Task prompt —
Transcribe, word for word, only the lines from the one containing "Produktbild: Autogenes Training" through the end of the material below. Pictures stay out.

BEGIN Dataset extract

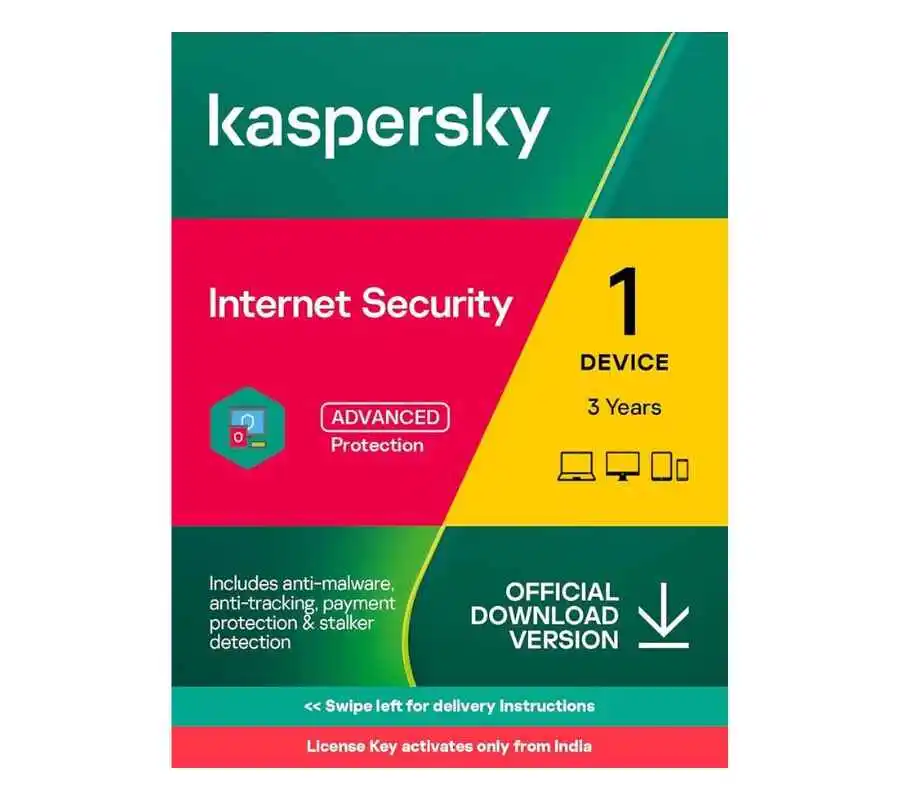 Kaspersky Internet Security Antivirus - 1 User 3 Years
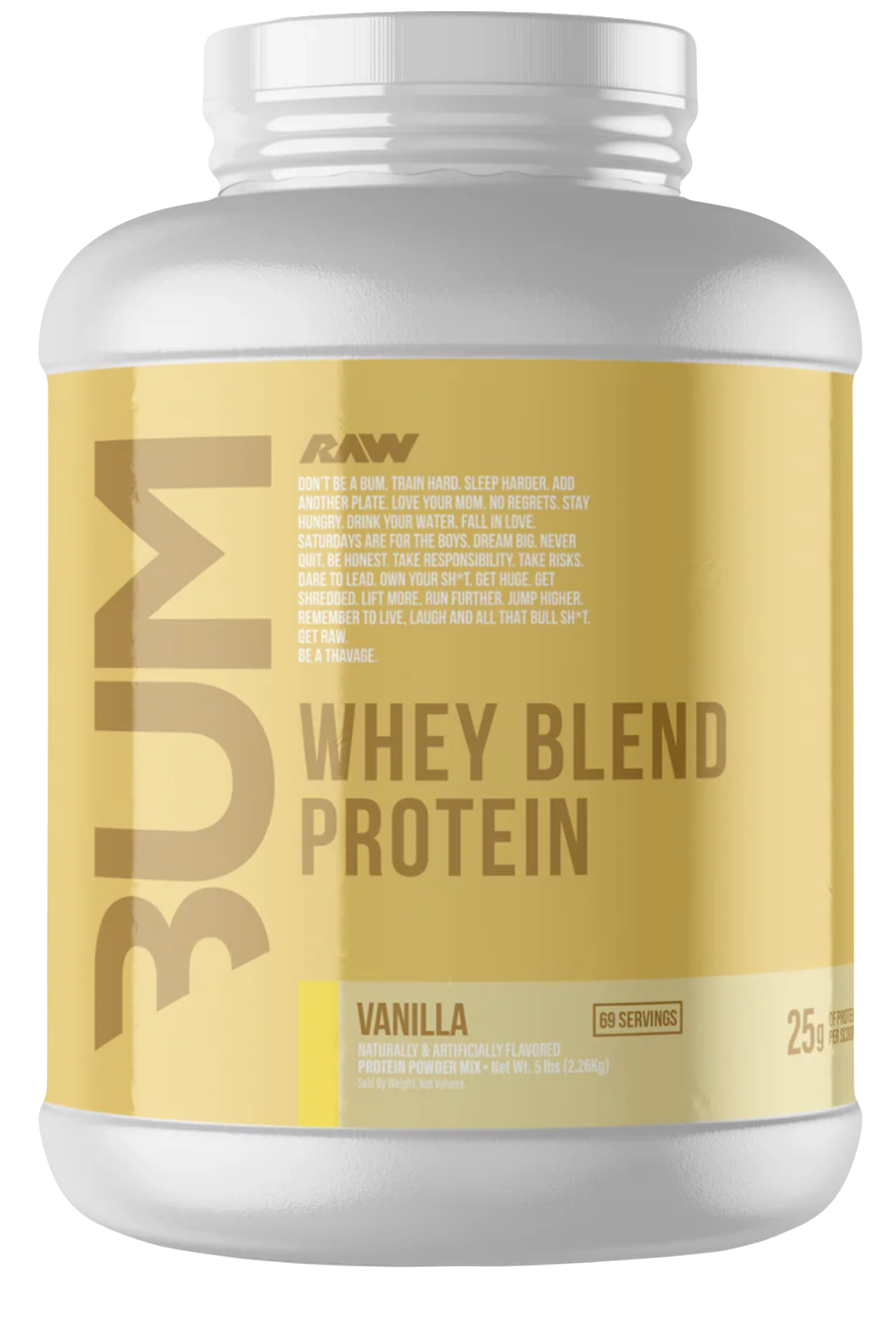 RAW CBUM | Whey Protein | 5 LBS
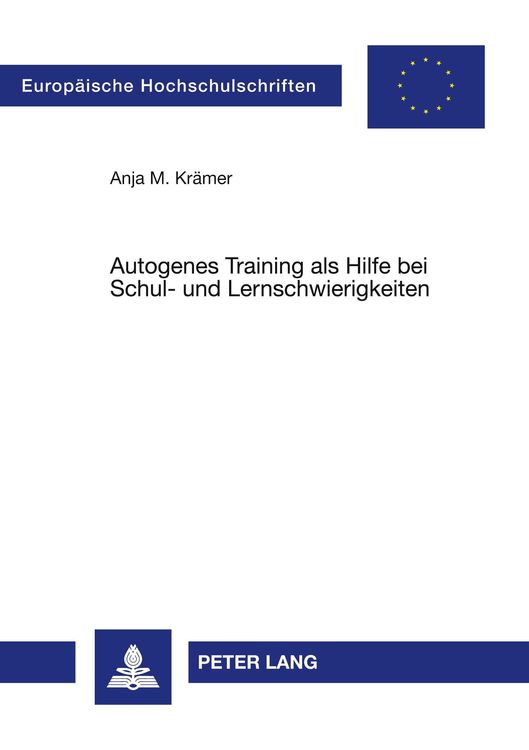 Produktbild: Autogenes Training als Hilfe bei Schul- und Lernschwierigkeiten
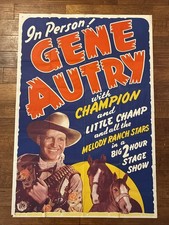 Gene Autry -  Rare Original  Personal Appearance Movie Poster  - Gene Autry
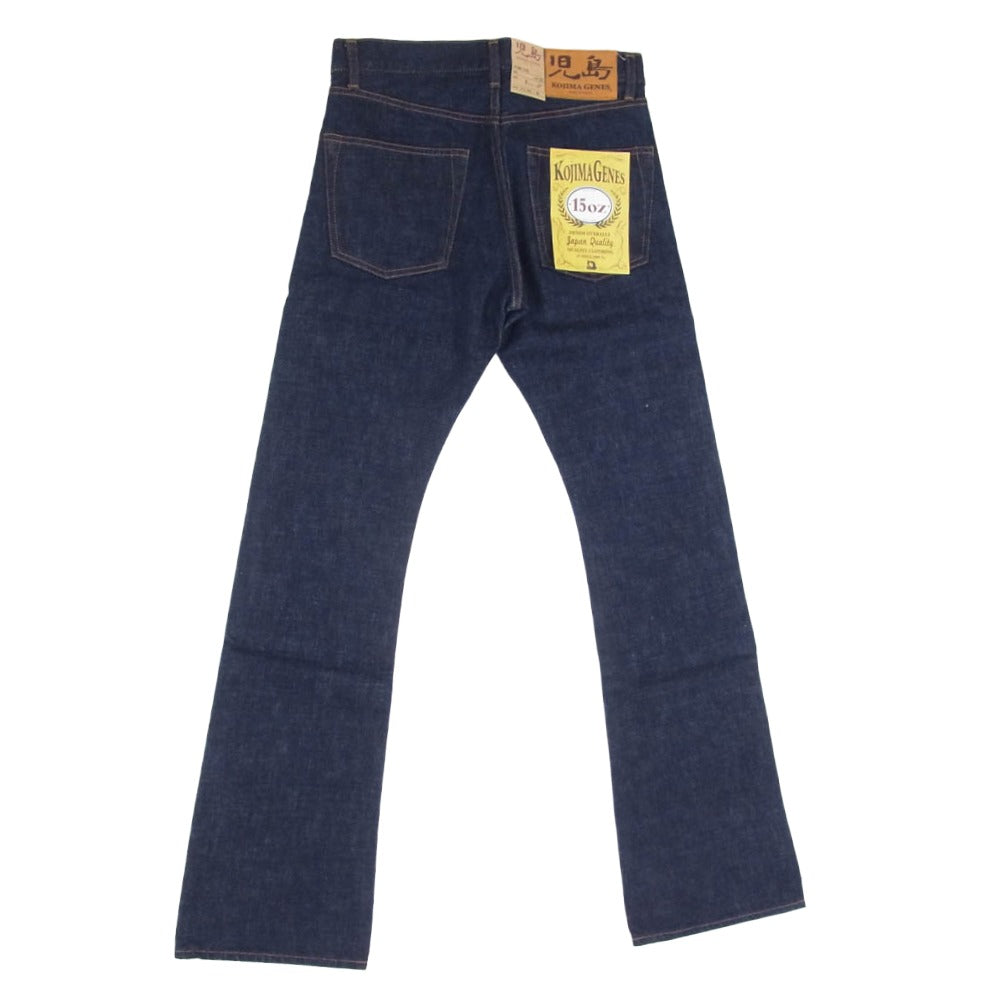 KOJIMA GENES 児島ジーンズ RNB-102B 15oz セルビッチ ブーツカット デニム パンツ インディゴブルー系 30【新古品】【未使用】【中古】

END Dataset extract

Answer area —
 Produktbild: Autogenes Training als Hilfe bei Schul- und Lernschwierigkeiten
 Gene Autry -  Rare Original  Personal Appearance Movie Poster  - Gene Autry
 KOJIMA GENES 児島ジーンズ RNB-102B 15oz セルビッチ ブーツカット デニム パンツ インディゴブルー系 30【新古品】【未使用】【中古】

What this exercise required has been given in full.